Ich glaube sagen zu dürfen, dass Österreich ein Sozialstaat ist. Daran haben Generationen von Frauen und Männern gearbeitet. Es gibt eine hochentwickelte Sozialgesetzgebung. Es gibt eine überparteiliche Gewerkschaftsbewegung, und es gibt das Phänomen der Sozialpartnerschaft. Wir haben im internationalen Vergleich ein sehr hohes Pro-Kopf-Einkommen und derzeit erfreulicherweise eine sinkende Arbeitslosigkeit. Und dennoch ist das nur ein Teil jener Wirklichkeit, mit der wir uns beschäftigen müssen.
Ein anderer Teil der Wirklichkeit, vor dem wir nicht die Augen verschließen dürfen, ist, dass die Einkommens- und Vermögensverteilung in Europa - auch in Österreich - wachsender Kritik ausgesetzt ist, und dass es auch in relativ reichen Ländern Armut und Not, ja sogar verzweifelte Lebenssituationen gibt. Dazu kommt, dass auch das beste Sozialsystem nicht in jeder denkbaren Lebenssituation Abhilfe schaffen kann.

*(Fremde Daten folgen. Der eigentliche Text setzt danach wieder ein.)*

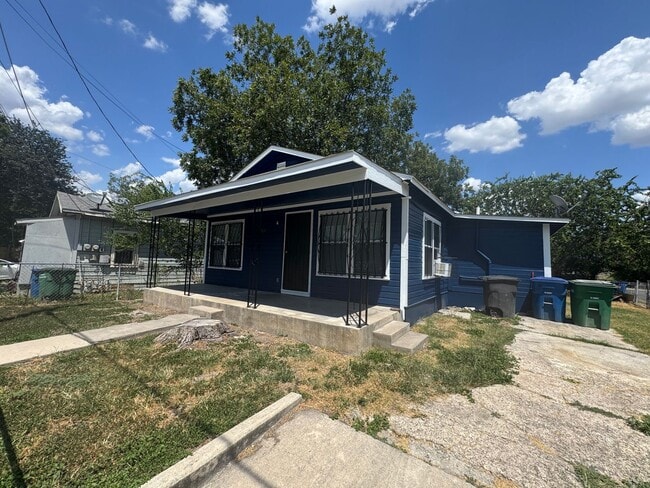 Building Photo - Super nice 2 Bedroom 1 Bath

Es gibt Unfälle und Katastrophen. Es gibt Behinderungen der verschiedensten Art. Es gibt die Einsamkeit und Hilfsbedürftigkeit alter Menschen. Es gibt Alleinerziehende, denen es schwerfällt, Kinder und Beruf auf einen guten, gemeinsamen Nenner zu bringen. Es gibt Flüchtlinge und Asylsuchende, von denen sich manche nur schwer zurechtfinden. Es gibt Situationen, die wir uns gar nicht wirklich ausmalen können.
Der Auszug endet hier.